Red Hat Training

A Red Hat training course is available for Red Hat Enterprise Linux

7.67. grep

Updated grep packages that fix two security issues, several bugs, and add various enhancements are now available for Red Hat Enterprise Linux 6.
Red Hat Product Security has rated this update as having Low security impact. Common Vulnerability Scoring System (CVSS) base scores, which give detailed severity ratings, are available for each vulnerability from the CVE links in the References section.
The grep utility searches through textual input for lines that contain a match to a specified pattern and then prints the matching lines. The GNU grep utilities include grep, egrep, and fgrep.

Security Fixes

CVE-2012-5667
An integer overflow flaw, leading to a heap-based buffer overflow, was found in the way grep parsed large lines of data. An attacker able to trick a user into running grep on a specially crafted data file could use this flaw to crash grep or, potentially, execute arbitrary code with the privileges of the user running grep.
CVE-2015-1345
A heap-based buffer overflow flaw was found in the way grep processed certain pattern and text combinations.
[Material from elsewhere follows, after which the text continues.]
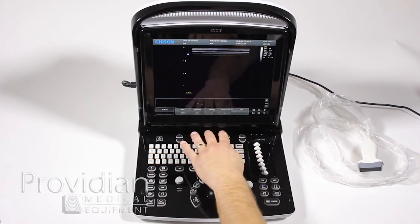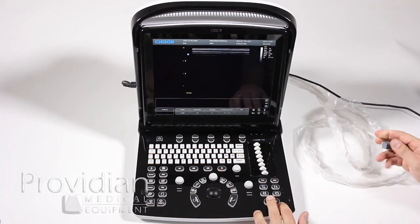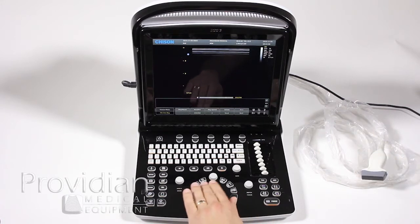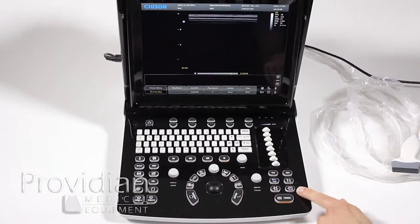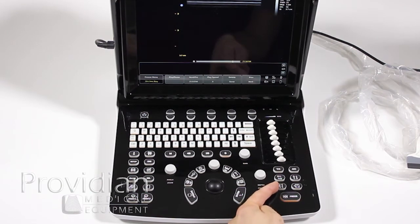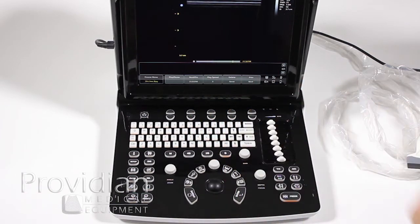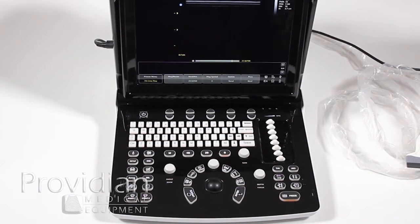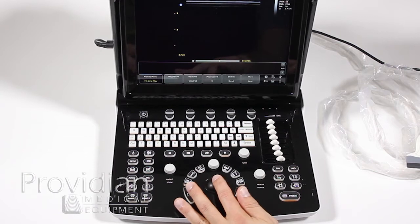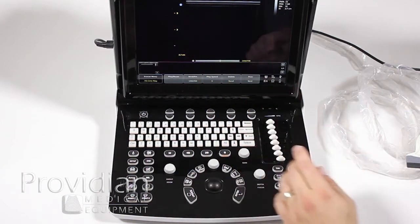Down below, we have frequency and other settings adjusted there. When most people get started, they want to know where the freeze key is. When you get your image, there's your freeze key — it goes immediately to Cine Review and you can scroll back through. This is also where you would save your clip. We have a single save key and a film strip save key that saves an entire loop. The snowflake icon means we're frozen. It shows the current frame — for example, 213 of 256 — meaning 256 frames are stored in memory and you can scroll through them. If you like an image, hit save and it saves that single image.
An attacker able to trick a user into running grep on specially crafted input could use this flaw to crash grep or, potentially, read from uninitialized memory.
The grep packages have been upgraded to upstream version 2.20, which provides a number of bug fixes and enhancements over the previous version. Notably, the speed of various operations has been improved significantly. Now, the recursive grep utility uses the fts function of the gnulib library for directory traversal, so that it can handle much larger directories without reporting the "File name too long" error message, and it can operate faster when dealing with large directory hierarchies. (BZ#982215, BZ#1064668, BZ#1126757, BZ#1167766, BZ#1171806)

Bug Fixes

BZ#799863
Prior to this update, the \w and \W symbols were inconsistently matched to the [:alnum:] character class. Consequently, regular expressions that used \w and \W in some cases had incorrect results. An upstream patch which fixes the matching problem has been applied, and \w is now matched to the [_[:alnum:]] character and \W to the [^_[:alnum:]] character consistently.
BZ#1103270
Previously, the "--fixed-regexp" command-line option was not included in the grep(1) manual page. Consequently, the manual page was inconsistent with the built-in help of the grep utility. To fix this bug, grep(1) has been updated to include a note informing the user that "--fixed-regexp" is an obsolete option. Now, the built-in help and manual page are consistent regarding the "--fixed-regexp" option.
BZ#1193030
Previously, the Perl Compatible Regular Expression (PCRE) library did not work correctly when matching non-UTF-8 text in UTF-8 mode. Consequently, an error message about invalid UTF-8 byte sequence characters was returned. To fix this bug, patches from upstream have been applied to the PCRE library and the grep utility. As a result, PCRE now skips non-UTF-8 characters as non-matching text without returning any error message.
All grep users are advised to upgrade to these updated packages, which correct these issues and add these enhancements.